This summer I did not go to the sandy beaches in the Bahamas or uptown England, but in only eight days I participated in a college tour that traveled back in time through eight states and back, while visiting many different historical black colleges, museums, and landmarks. My journey started in Houston, Texas and it continued to Washington D. C. On this journey I learned about my African American history, the responsibilities as a college student, and what it takes to achieve a higher education.
To highlight my trip, one influential moment was talking to a Tuskegee University student. He explained that college is fun and memorable. Nevertheless academically, college is hard work once a person realizes they are paying for their education. The college student also said that going to a historical black college makes him humble, and allows him to work hard every day so he will not waste the education his ancestors have fought for. Talking with the college student opened my eyes that my education is a gift that should not be taken for granted.
Another highlight was me getting the chance to meet some incredible new people on the tour. The group of friends I met all attend different high schools, but we had so much in common. During the trip in Georgia, we were able to go to Six Flags, however after ten minutes in the park, water poured from all corners of the sky. It was unforunate we could not spend time at the theme park, but going back to the hotel to play games, crack jokes, and watch movies made up for the loss. The time we spent together was amazing and I felt like I was in college. The trip allowed me to be more open with new people and not stay exclusive with just myself.
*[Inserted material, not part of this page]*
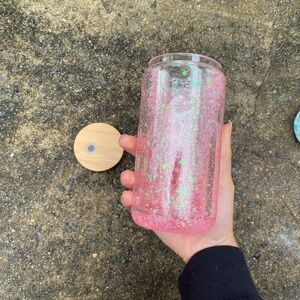 12oz handmade pink glitter snowglobe tumbler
During the trip we visited Howard University in Washington D.C and I have never fallen in love with a place so amazing. The atmosphere in Washington D.C, the people in the area, and the Howard Campus made me not want to leave. The school revealed African American history, and it wanted nothing but excellence from all its students. I felt at home and reality hit me that I am going to college soon. Going to the different historical black universities and understanding what they have to offer lessens my nerves to attend college.
The last place we visited in Washington D.C was the state capital. During the tour I learned more about our country and the pride that Washington D.C wants the United States to have. In the state capital, history was displayed as we were able to view senators vote for a bill. It amazed me on the efforts it takes to keep the historical state capital safe, beautiful, and stable for many tourist to view. Not only was the state capital impressive, but the Arlington National Cementery surprised me above all. We were able to walk past so many brave soldiers that had passed. I am glad the memories of the soldiers, who have served the country, will not be forgotten. The tour of Washington D.C will be a memory of a lifetime, and I cannot wait to go back soon.
I might not have changed physically in those eight days, but emotionally and mentally my mind has changed to wanting to be apart of a country that has given so much for the needs of the people. Freedom is what I am given, but going to college and spreading positive leadership is what I want to give back.